##### SOURCE DATA

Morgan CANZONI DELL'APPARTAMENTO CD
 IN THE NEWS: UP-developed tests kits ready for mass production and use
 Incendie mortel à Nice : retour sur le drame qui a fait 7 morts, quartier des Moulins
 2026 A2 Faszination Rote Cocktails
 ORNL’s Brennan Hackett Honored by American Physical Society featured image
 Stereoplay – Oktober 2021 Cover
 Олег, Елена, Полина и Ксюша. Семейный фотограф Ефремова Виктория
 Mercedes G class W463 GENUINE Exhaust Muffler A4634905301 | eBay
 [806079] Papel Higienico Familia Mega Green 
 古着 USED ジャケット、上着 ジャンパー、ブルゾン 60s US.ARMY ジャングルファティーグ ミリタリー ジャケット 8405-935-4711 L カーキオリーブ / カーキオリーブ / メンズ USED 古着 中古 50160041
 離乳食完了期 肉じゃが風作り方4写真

##########

• _DIRECTIONS FOR THIS TASK_: Exactly as written, please reproduce the lines from the first line of the data to the line containing "Олег, Елена, Полина", inclusive, and nothing else.

• _SOLUTION TO THIS PROBLEM_:
Morgan CANZONI DELL'APPARTAMENTO CD
 IN THE NEWS: UP-developed tests kits ready for mass production and use
 Incendie mortel à Nice : retour sur le drame qui a fait 7 morts, quartier des Moulins
 2026 A2 Faszination Rote Cocktails
 ORNL’s Brennan Hackett Honored by American Physical Society featured image
 Stereoplay – Oktober 2021 Cover
 Олег, Елена, Полина и Ксюша. Семейный фотограф Ефремова Виктория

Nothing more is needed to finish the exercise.